HP also announced on Friday the possible spin-off of its PC hardware company, and purchase of UK software firm Autonomy for another $10 billion or so that pretty much cleans out their bank account. All three announcements have people scratching their heads. The stock market and its players didn't like it at all, and HP's shares fell a whopping 20 per cent.
What's going on here? Did HP really just give up on a $1.2 billion purchase after a year? Apparently WebOS will still live on without the hardware aspect: licenced to other manufacturers; printer menus, perhaps? God knows HP's stuff could do with a UX makeover, but that's a sad, if seemingly inevitable demise for the once brilliant Palm.
What about a patent sell off as many analysts and commentators have suggested?

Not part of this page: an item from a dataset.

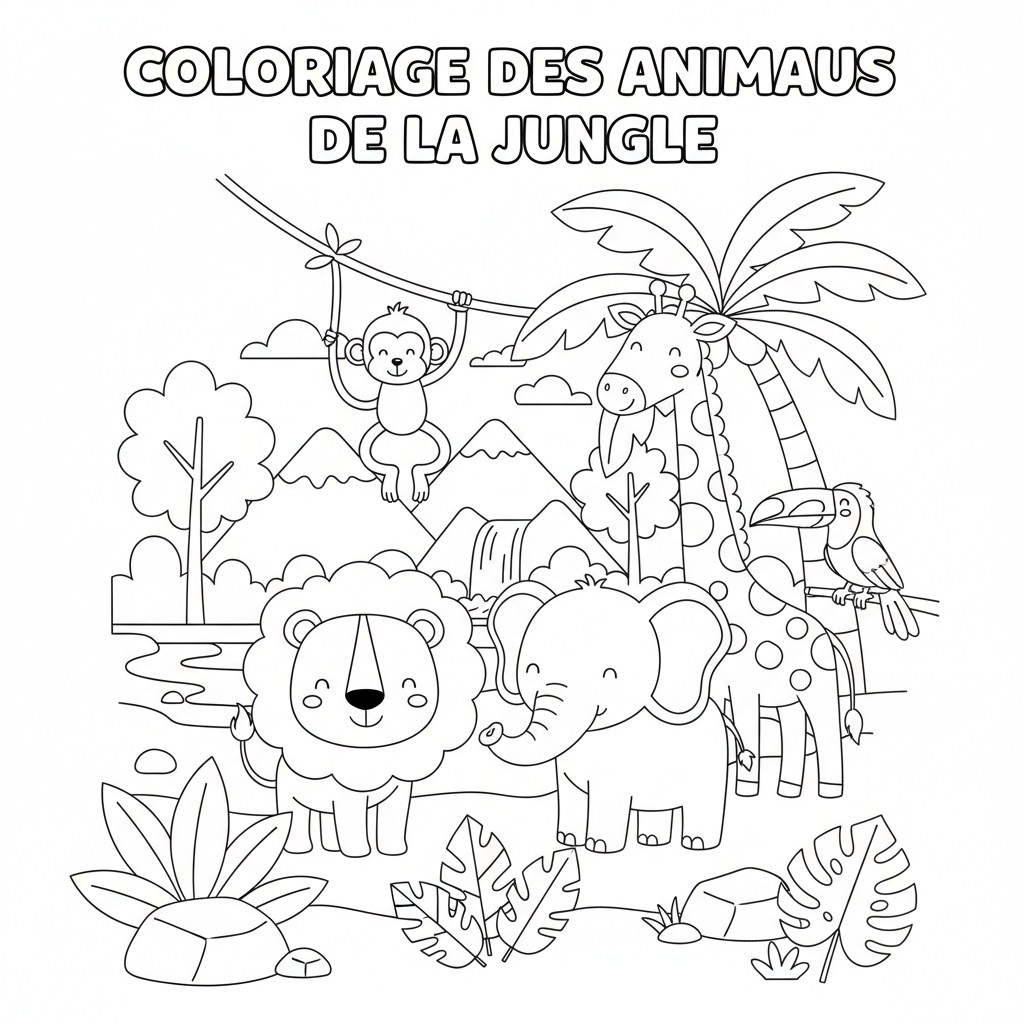 Coloriage coloriage des animaux de la jungle 3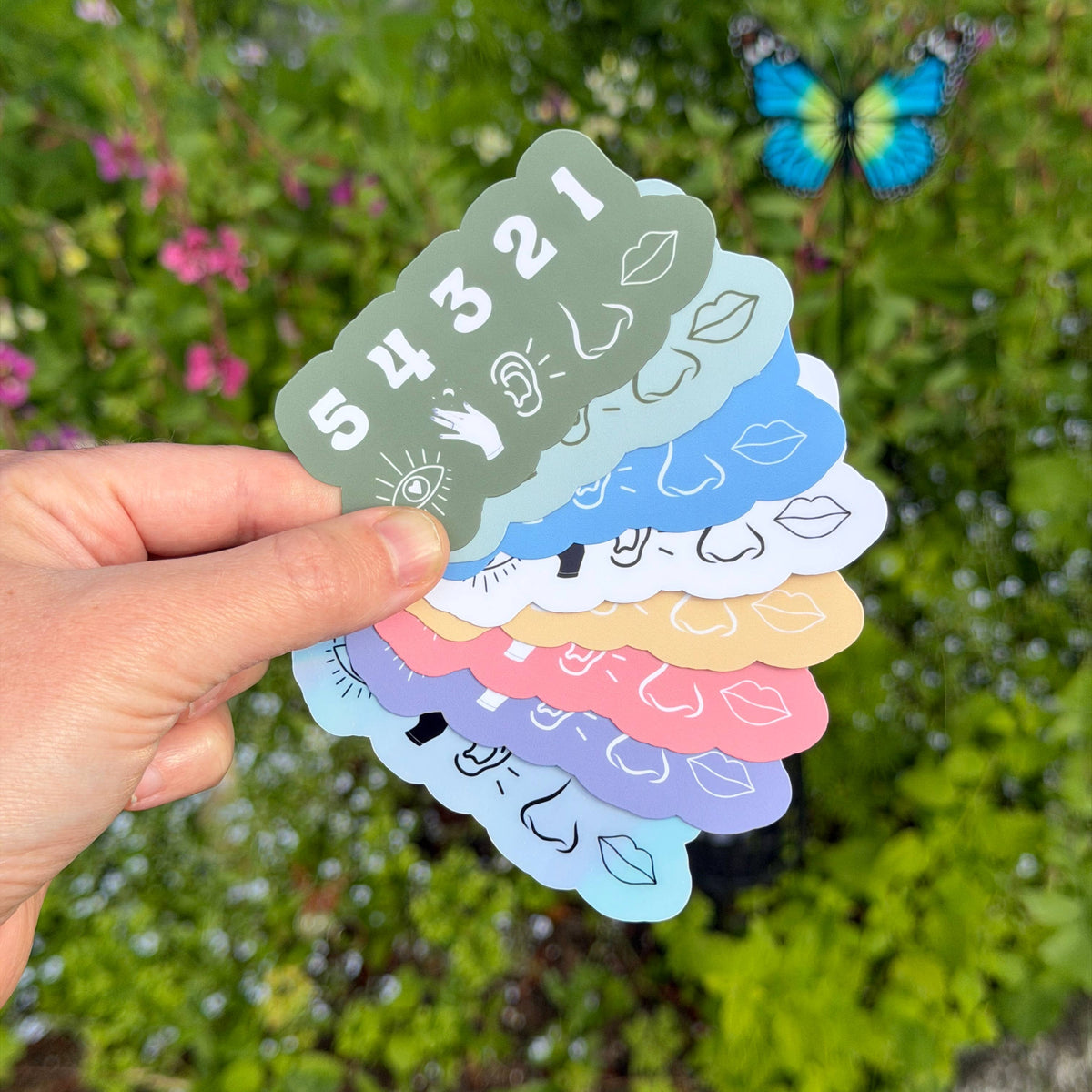 54321 Grounding Sticker | Therapy Sticker | Mindfulness: Fern Green / 1 Sticker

Would Palm's designs and IP be worth some dollars? Undoubtedly. Perhaps way more than $1.2 billion (Apple isn't suing HP for it's very similar-looking Touchpad, for example), but that still seems an odd strategy.
What I'm pretty sure about is this story has a long way yet to run.

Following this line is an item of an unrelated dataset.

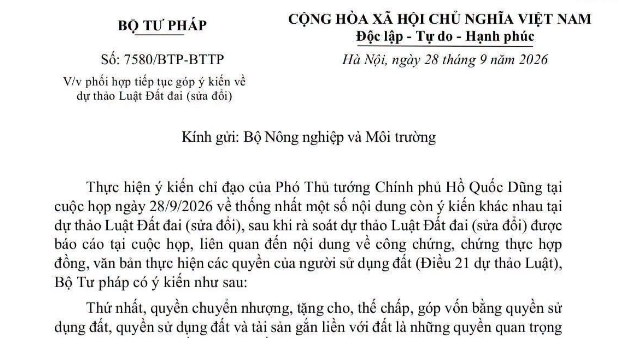 Công văn 7580/BTP-BTTP về góp ý dự thảo Luật Đất đai (sửa đổi) ra sao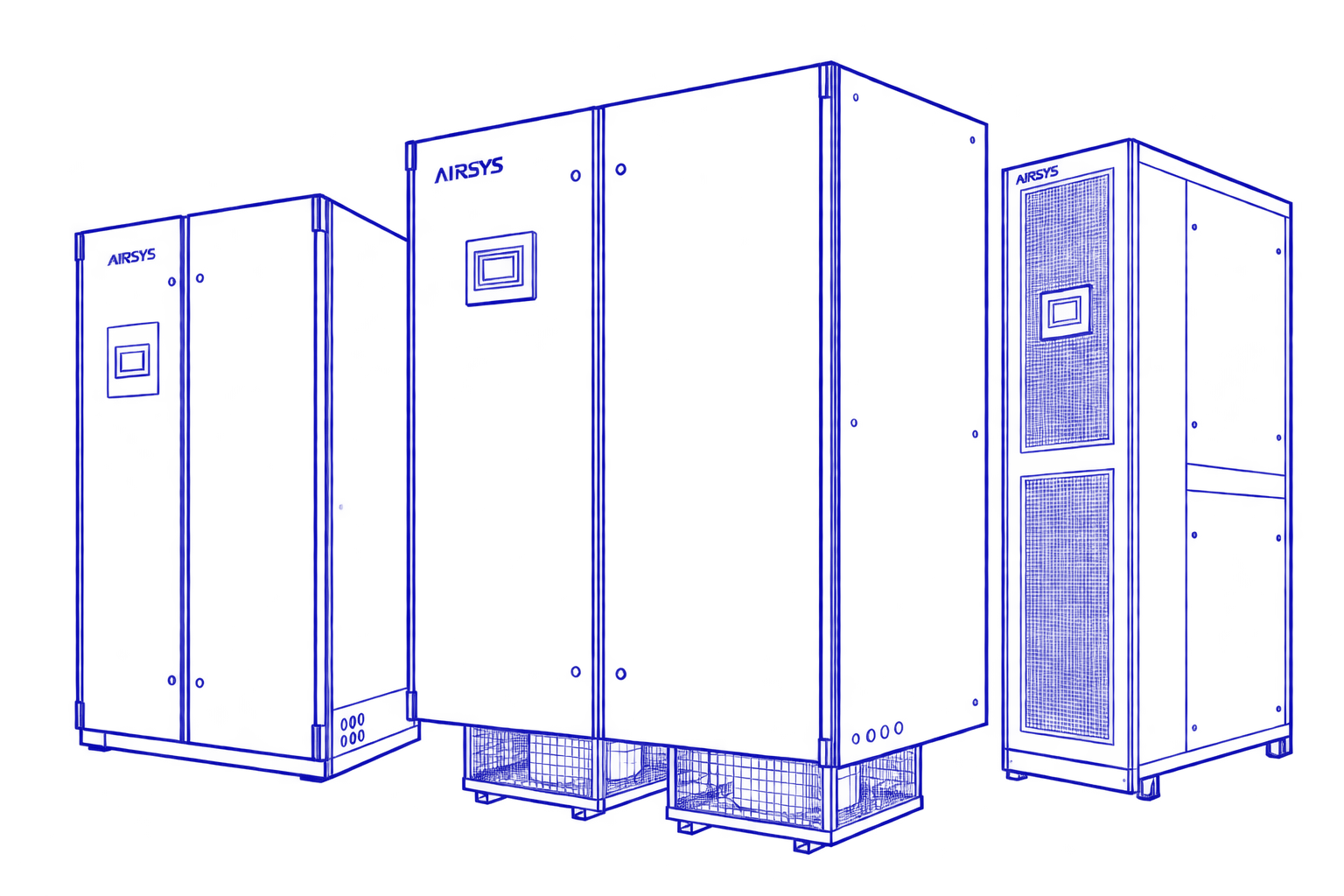 Контурные изображения кондиционеров AIRSYS: Optima, CyberCool и ChillRow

HP has repeatedly said WebOS is valuable, and there's plenty of very smart, experienced people in the mix to suggest that there's a much bigger strategic play in motion. I read this interview a while back with Stephen DeWitt I came away pretty intrigued. A further interview with DeWitt posted yesterday adds more, and closer inspection of that orignal 2010 press release is really worth reading in full if you're interested.
What is known for sure is that the world's biggest PC maker by volume just completely surrendered its cards in the tablet market. That alone is a fairly stunning conclusion to an absolutely crazy week for the tech industry, and great reading for a tech lover like me.